20 November 2009

Sysprep Fails, WinPE Sees Wrong Drive Letters

If you…

…then you may find…

  • Sysprep fails before it completes
  • WinPE “sees” partitions with incorrect drive letters

The impact can be severe; finding you’ve built your .WIM from the wrong partition, having Sysprep ruin both the .WIM you harvest plus the reference system you’d built, etc.  Attempts to maintain the Windows installation via WinRE or “just” re-install Windows may fail, too; I haven’t tested those scenarios.

The fix is to make sure the Windows boot partition is set as active in the partition table before you apply Sysprep or attempt access from WinPE, WinRE, OS installation disk, etc.  You can do this after Windows and Ubuntu have been installed; it won’t affect these, or how grub works.

The cause is a combination of the way grub works (which bypasses the normal MBR “boot the partition that is set as “active” code logic) and the way Microsoft code assigns drive letters to Windows-visible partitions and logical volumes.

Standard MBR logic

The Master Boot Record (MBR) is the first sector of the physical hard drive, and acts as an extension of the system BIOS.  It exists outside of any OS, running as it does before any particular OS has come into effect.
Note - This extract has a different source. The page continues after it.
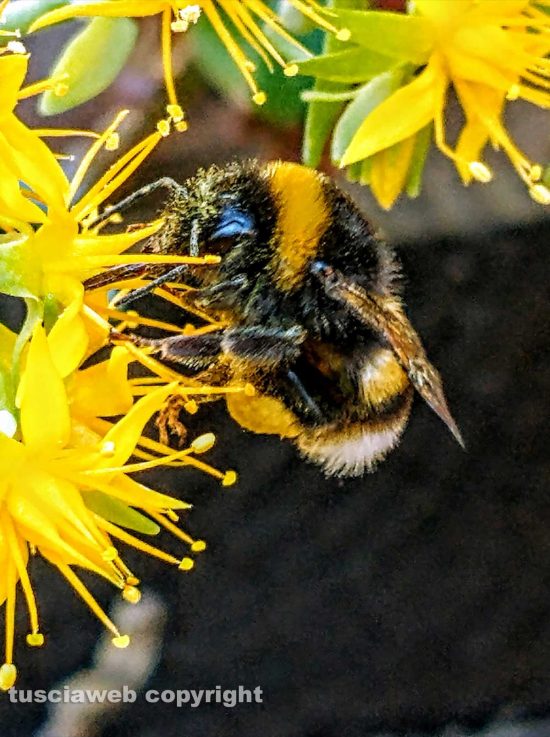 Viterbo - Un bombo tra i fiori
The standard MBR contains a partition table defining up to 4 partitions, one of which may be flagged as “active”.  The standard MBR code logic is to look for the (first?) active partition and chain into code within the first sector of this space.  At this point, the system phase of the boot process ends, and the OS phase begins.

How grub works

The grub boot manager adds some initial code to the MBR which links to the bulk of its code within the Ubuntu partition.  At boot time, this modified MBR code will always chain into the rest of grub, irrespective of which partition entry in the partition table is set as “active”.  The partition table is still referenced to find partitions, but the “active” setting is now ignored, and is thus irrelevant.
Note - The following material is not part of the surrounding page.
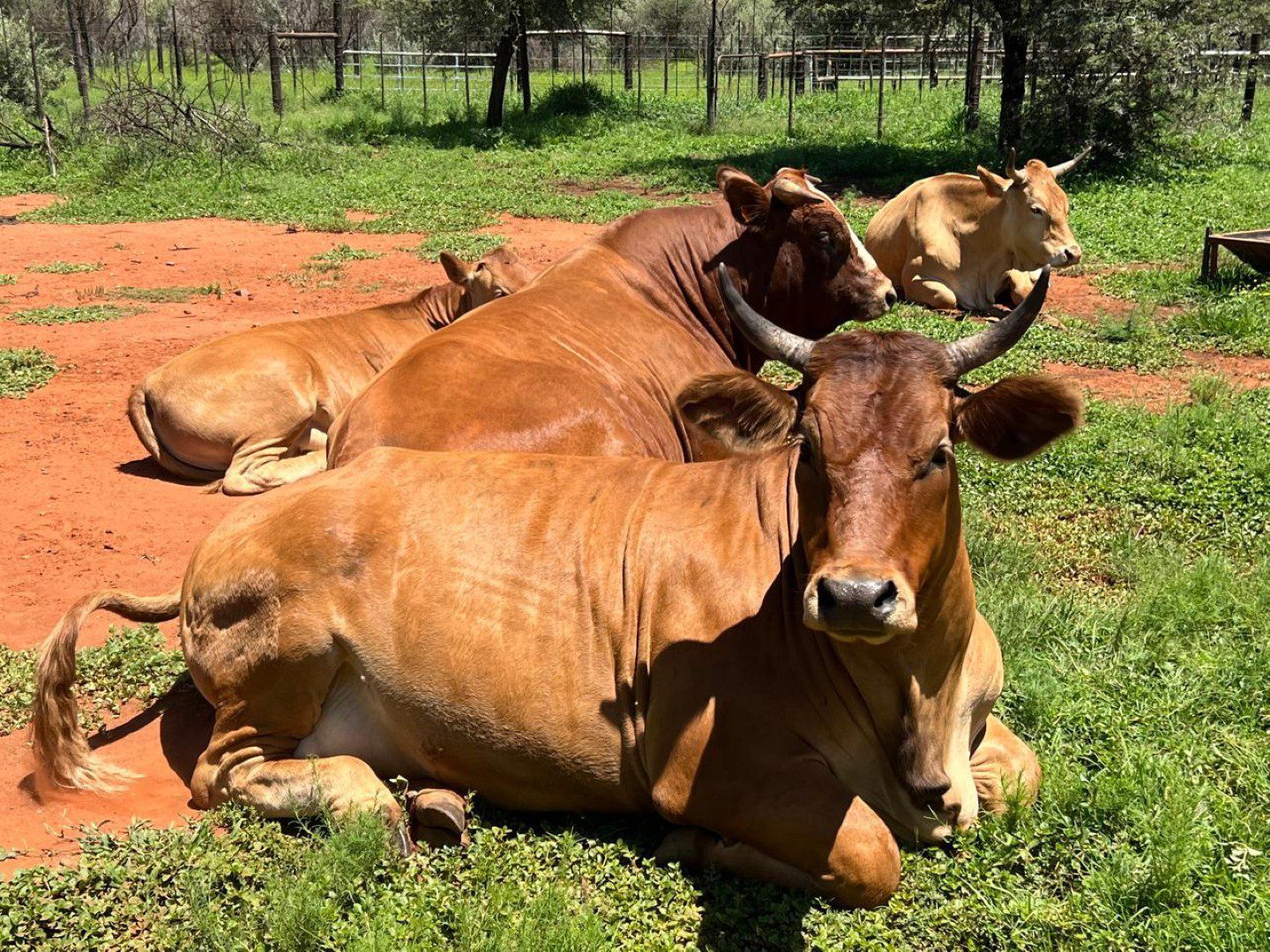 Northen Cape – Exceptional 1,567HA Game Farm & Hunting Lodge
You may assume that the partition you booted via grub will be set as “active” in the partition table, but this is not the case; grub (at least grub 2, as contained in Ubuntu 9.10) does not update the “active” flag status according to what you booted last, even if set to default to this on next boot.

How Microsoft assigns drive letters

Microsoft OSs can “see” two groups of partition types; primary partitions that may be bootable and define a single volume, and an extended partition type that is not bootable but can contain multiple logical volumes.  Each volume contains a single file system and is typically assigned a single drive letter.
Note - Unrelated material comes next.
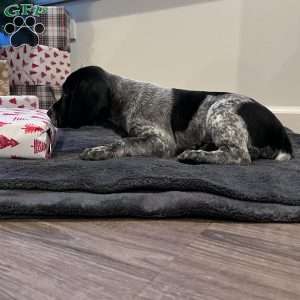 Noela, Beagle Mix Puppy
Drive letters have validity only within a Microsoft OS.  In the absence of “remembered” settings within that OS, they are assigned as follows…

A: and B: reserved for legacy diskette drives
For each physical hard drive…
  Assign ascending letters to each “active” primary partition
…next drive until all done
For each physical hard drive…
  Assign ascending letters to each logical volume in extended partition
…next drive until all done
For each physical hard drive…
  Assign ascending letters to each “inactive” primary partition
…next drive until all done

For example, if you have an NTFS primary partition and an extended partition containing three logical volumes, these will be lettered as C:, D:, E: and F: if the primary is set as “active”, and F:, C:, D: and E: if the primary is not set as “active” – and so…

Here comes the pain

When Windows boots off the hard drive, it can override the above logic in two ways. 

Firstly, it is aware of which partition it booted from, and which volume contains the bulk of its own code; these drive letters are recorded within the OS and can’t be changed.

Secondly, it remembers drive letters assigned to volumes it has “seen” before.  Unlike the letters for boot and OS volumes, these can be changed by the user, causing new values to be “remembered” and applied on subsequent boots.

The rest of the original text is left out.